Praxis Seminar: Research Colloquium in Practical Philosophy 2023/24, Session 13

Mariana Teixeira

Praxis-CFUL

Ambiguidade e Dilaceração: Simone de Beauvoir Entre o Eco- e o Xeno-Feminismo

12 March 2024, 17h00 (Lisbon Time — GMT+0)

Sala Mattos Romão (Room C201.J – Department of Philosophy)

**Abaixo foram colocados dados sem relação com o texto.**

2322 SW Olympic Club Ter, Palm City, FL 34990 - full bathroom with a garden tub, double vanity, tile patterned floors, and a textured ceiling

School of Arts and Humanities – University of Lisbon

 

Abstract

A distinção entre género como construção social e sexo como dado biológico tem implicações emancipatórias bem conhecidas: se as mulheres não são naturalmente inclinadas a determinados papéis, espaços e actividades sociais, ou seja, se estes condicionamentos são historicamente impostos, também podem ser historicamente transformados. Por mais libertadores que tenham sido os seus efeitos, esta ideia foi mais tarde contestada por uma suposta depreciação masculinista da natureza em favor da agência humana. No âmbito do feminismo, estas posições opostas são representadas pelas vertentes xeno- e ecofeminista: enquanto a primeira vê a emancipação como transcendência, como domínio da natureza, a segunda equipara-a antes à imanência, a uma ligação harmoniosa com a natureza. Em ambos os casos, no entanto, a divisão sexo/género tende a ser preservada na sua dicotomia aparentemente intransponível. Para evitar a adoção unilateral de um dos pólos – natureza ou cultura, imanência ou transcendência -, sugiro que um tratamento mais convincente da relação entre sexo e género (natureza e cultura, corpo e mente) pode ser obtido a partir dos escritos de Simone de Beauvoir. Embora critique decididamente o confinamento multissecular das mulheres à imanência, Beauvoir não equipara a emancipação ao mero aumento do controlo das mulheres sobre os seus corpos e o mundo natural, , uma vez que a imanência não é vista apenas como um limite à transcendência, mas também como a sua própria condição de possibilidade. A conceção intersubjectiva de Beauvoir da individualidade e a sua recusa de uma dualidade ontológica entre natureza e espírito permitem, assim, uma conceção da condição humana como simultaneamente sujeito e objeto. Para compreender as diferentes formas de experienciar esta tensão, proponho ainda uma distinção entre ambiguidade existencial e dilaceração contingente. Deste modo, numa perspetiva beauvoiriana, a emancipação seria concebida não como a eliminação da ambiguidade entre imanência e transcendência; em vez disso, envolveria a superação, por meio do movimento recíproco das subjectividades encarnadas, de uma dilaceração não mediada.